It has been strongly argued by counsel for the appellant that the colonization act of 1824 applies exclusively to foreign colonists, and is applicable to the states only, and does not extend to the territories of the republic. In the view taken of this case, it is deemed unnecessary to discuss these questions.
In this case the evidence clearly establishes the fact that at no time did the appellant abandon his claim. Within two years after receiving his grant he took actual possession of the premises, and lived on and cultivated them until 1841, when the Mexican authorities placed him in judical possession, which he maintained until the acquisition of Mexico by that country. It is true he did not attain judicial possession until some five years after the date of his grant, but subsequently in 1841 he did obtain from the authorities such possession and has continued to hold under it to the present time. Under these circumstances, we consider that his claim is to be held valid by the rules prescribed for our guidance in the adjudication of this and similar cases.

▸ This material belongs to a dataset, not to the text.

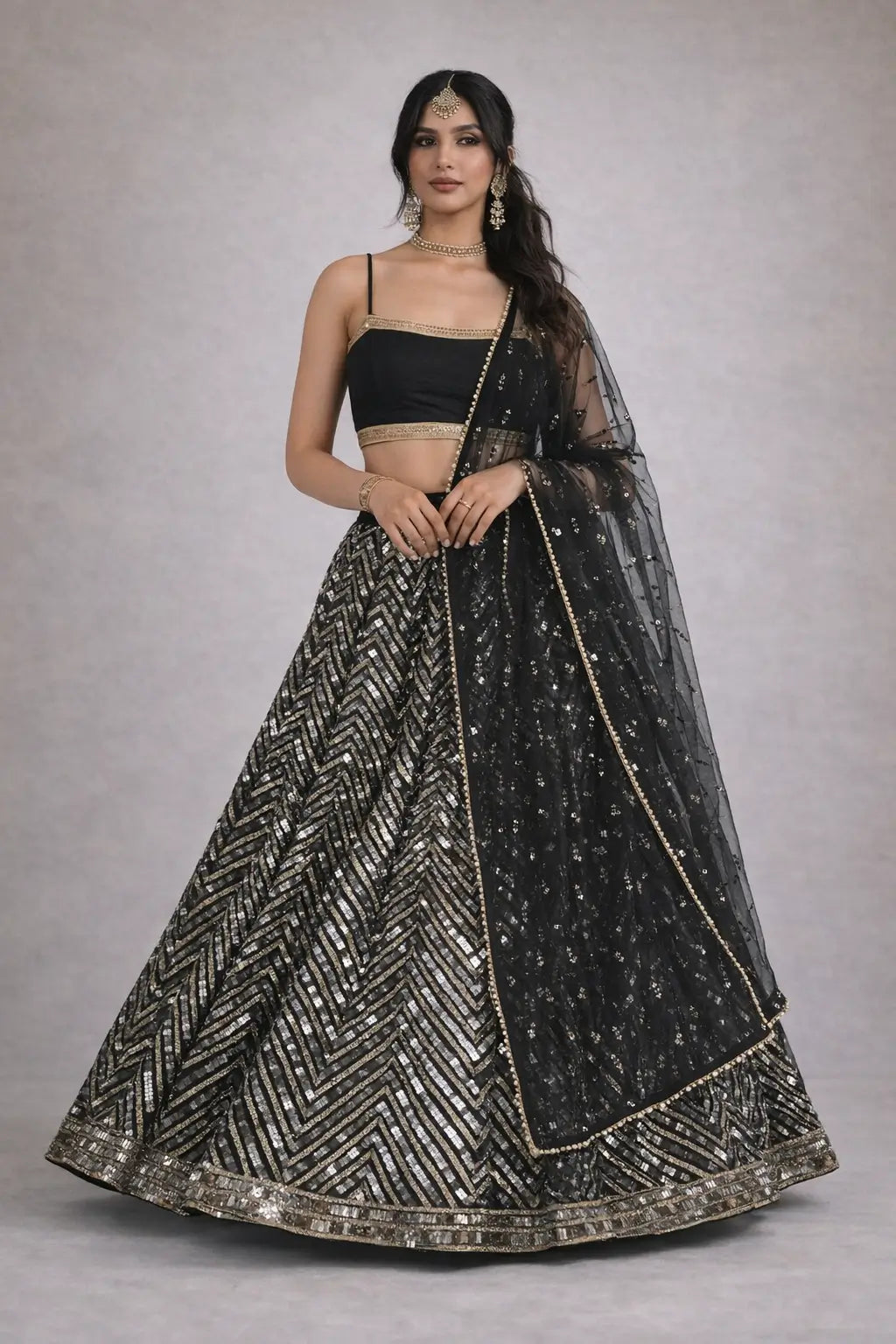 Sequins Embroidered Georgette Lehenga Choli with Net Dupatta for Festive and Party Wear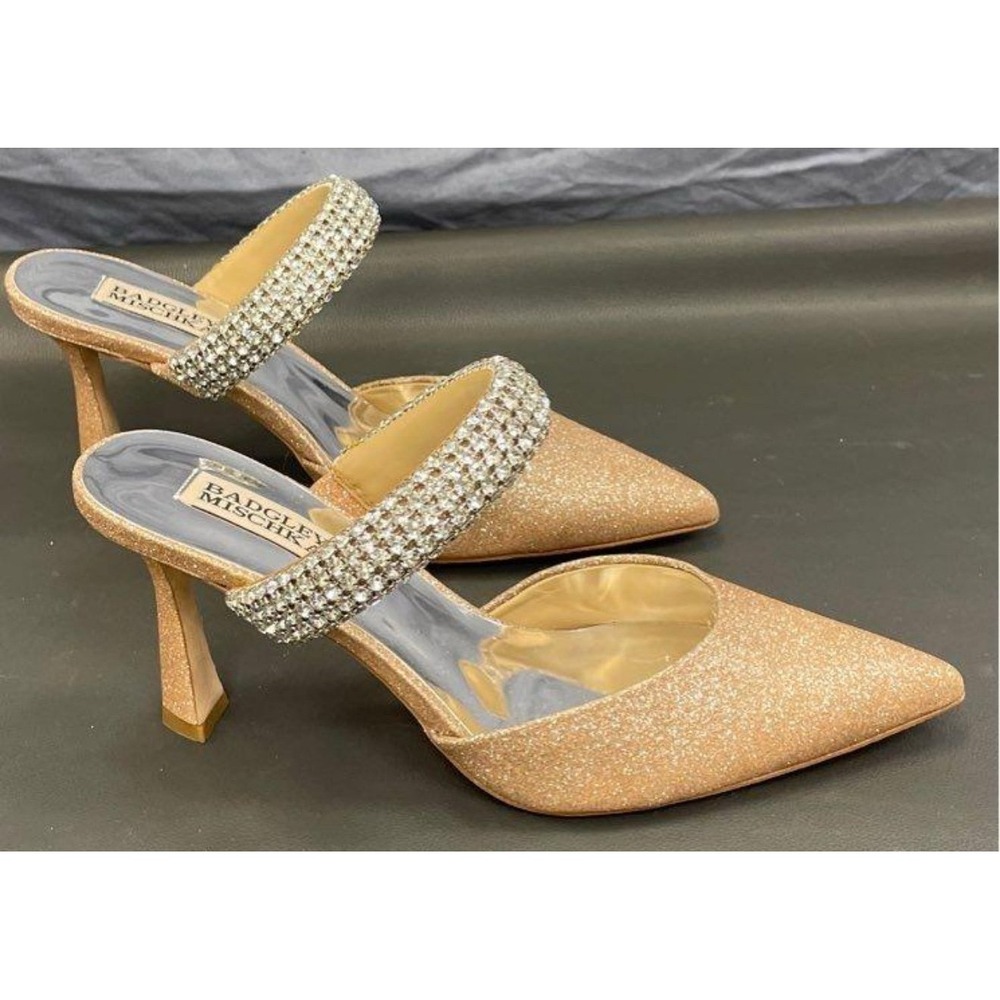 Badgley Mischka Rose Gold Glitter Pointed Toe Mules Heels Shoes Size‎ 8 - Picture 5 of 12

It is therefore hereby ordered, adjudged and decreed that the decision and decree of the board of commissioners for the ascertainment and settlement of private land claims in California made in this case be confirmed, and that the claim of the appellant, Cruz Cervantes, be, and the same is hereby confirmed to the extent of two square leagues or sitios de ganado mayor, and for no more; being the same land described in the grant and expediente referred to therein, and of which judicial possession was given to him as appears by the evidence, provided that the said quantity to him granted, and now to him confirmed, be contained within the boundaries called for in said grant, and map to which the grant refers; and, if there be less than two square leagues, or sitios de ganado mayor, within the said bounds then there is confirmed to-him the said less quantity.
[NOTE. The United States appealed from the decree of the circuit court to the supreme court, where the decree below was affirmed on the grounds, as appears from the opinion delivered by Mr. Justice Grier, that under the decision in U. S. v. Beading, 18 How. (59 U. S.) 1, the objection that the grant had not been approved by the departmental assembly was untenable, as was likewise the objection that the land was within the 10 littoral leagues,—that restriction applying to foreign colonists, and not to Mexican citizens, following U. S. v. Arquello, 18 How. (59 U. S.) 539; also, that the tracts appurtenant to missions never vested in the church or any one else by legal title, and that the lands, though formerly occupied by a mission, were not so occupied when the grant was made, the grant having been made with the assent of the mission, which set up no further claim to occupancy; therefore, that the 17th section of the regulations of 1828, forbidding the grant of lands “occupied” by missions for colonization, could have no application to unoccupied lands not made the subject of colonization. U. S. v. Cervantes, 18 How. (59 U. S.) 553.]